Born into a wealthy, intellectual Parisian family, Aghion, described by her company as a “dark beauty and bohemian spirit”, spent her youth in Alexandria. “Egypt is a colour for me. The sand is the most beautiful sand I have ever seen. A rose-tinted beige. It feels like silk in your hands,” she recalled of the shade and fabrication which were to symbolise Chloé.
As the recipient of what Aghion described as a “high-society French education”, she learnt the inherent essence of Parisian chic as an infant. Her mother was passionate about fashion, employing a seamstress to make clothes inspired by illustrations in French fashion magazines. Aghion was married at 19 to her childhood sweetheart, Raymond Aghion, the son of successful cotton importers. She had first met him at the age of seven when they both attended the local primary school. They moved together to Paris in 1945, “I had never seen such elegance in my life,” Aghion recalled. “For me, fashion was France.”
Though married to a man who could provide her with a leisurely lifestyle, Aghion was determined to exert her independence and earn her own money. “I wanted to make a few dresses in my style,” she said, proceeding to define her design signature in a couple of sentences: “Classic and simple. That’s Gaby Aghion.”
With a penchant for sports and beachwear, as opposed to the grandiose evening gowns of the 1950s, she bought some cotton poplin and made an edited capsule collection of six dresses. “It amused my intellectual friends,” she observed of the writers, artists and thinkers she surrounded herself with as part of the Left Bank bohemian set. “They said, ‘We give it two weeks’.” She borrowed her friend Chloé Huymans’ name for the brand, saying, “I thought it was pretty… I could not put my name on the label because at that time you couldn’t do that.”
Aghion presented her first collection to the press over breakfast at the famous Café de Flore, on the corner of Boulevard Saint-Germain. Not only were the clothes a breath of fresh air, the location and the way they were presented was groundbreaking. Fashion shows of the 1950s were incredibly formulaic, but Aghion wanted to show her style informally, over coffee and croissants. Comprising a predominantly neutral palette, Aghion’s vision of female wearability was a complete contradiction to the formality of Paris couture.
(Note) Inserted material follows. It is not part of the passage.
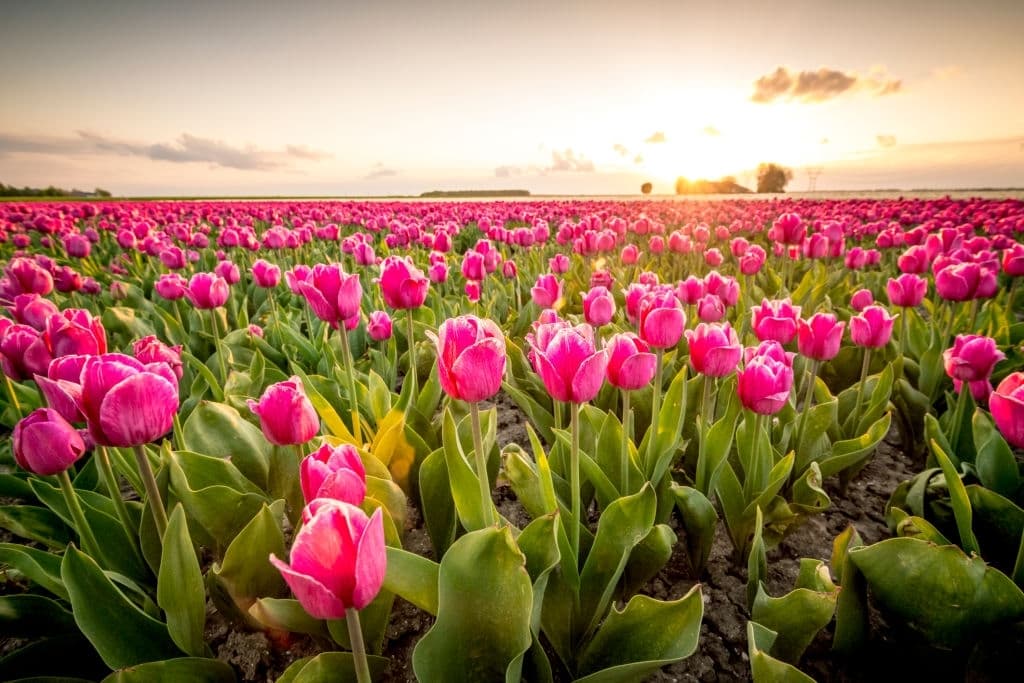 10 flowers mean death tulips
It felt uncomplicated and effortless, and success was instantaneous. Boutique owners and their customers completely related to Aghion’s concept of luxurious yet accessible, ready-to-wear. She described the speed of impact and the ensuing sales as “like a tornado”.
Together with her business partner, Jacques Lenoir, she employed half a dozen seamstresses to keep up with demand. She was on a quest to seek new talent to invigorate the Chloé brand, and it attained increased popularity when a talented young designer called Karl Lagerfeld joined the Chloé studio in 1963.
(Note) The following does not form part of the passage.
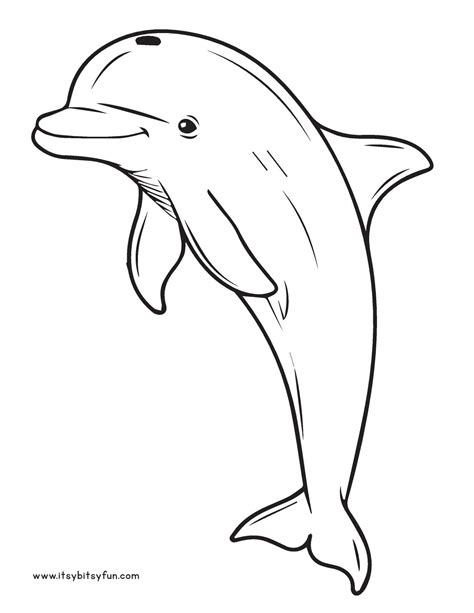 dolphin pictures to print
“I was a little reluctant to hire him, thinking Germans had questionable taste,” she remembered. “I went on to love Karl and form a special working relationship with him that lasted over two decades. I loved his cleverness – he was cultivated, and an art lover too.” Sophistication apart, she also admired Lagerfeld’s work ethic. “Other designers would bring me two designs. Karl would bring me 20 within a day.”
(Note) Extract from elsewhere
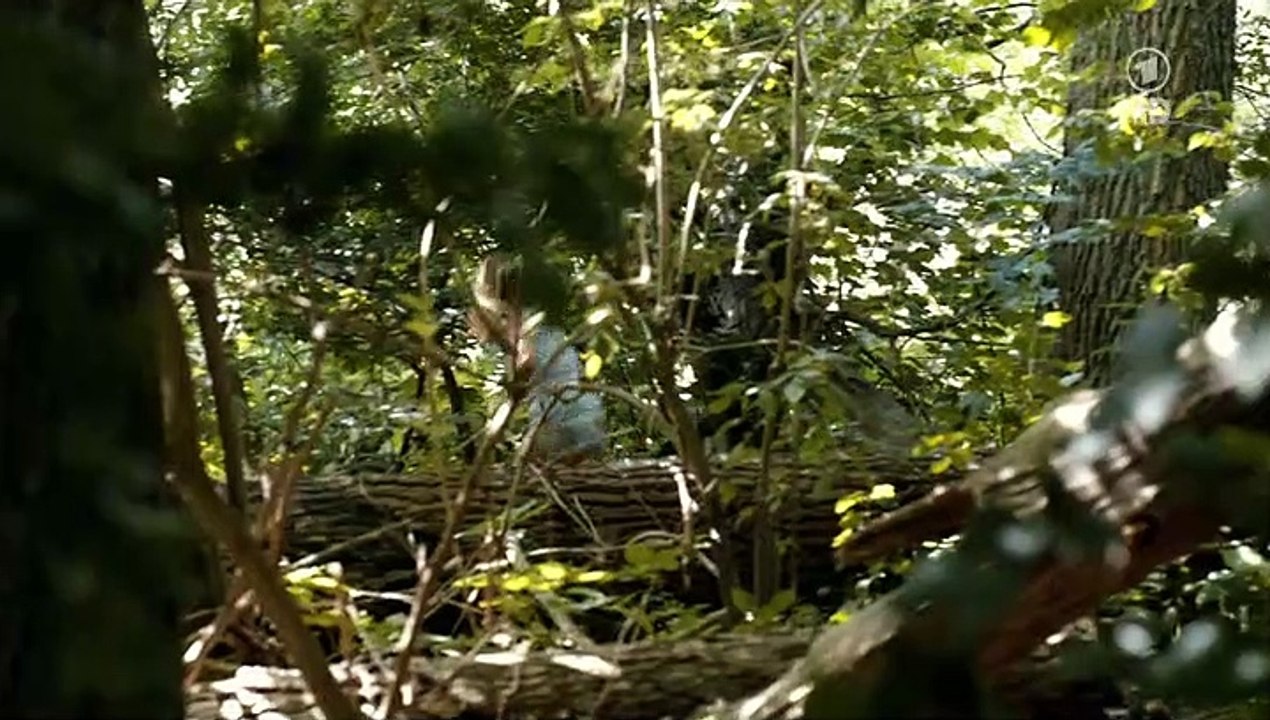 Mankells Wallander Staffel 3 Folge 2 - Part 02 HD Deutsch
By 1966 Lagerfeld had been appointed chief designer, and it was under his influence – which ended in 1983 and began again for a five-year stint between 1992 and 1997 – that the label rose to prominence. Overseen by Aghion, but directed by Lagerfeld, the 1970s were the defining period for Chloé. “Lagerfeld arrived at a moment when he can give a shape to a time that is blurred and indistinct to everyone else,” wrote Vogue’s Joan Juliet Buck in 1979. “That time is now.”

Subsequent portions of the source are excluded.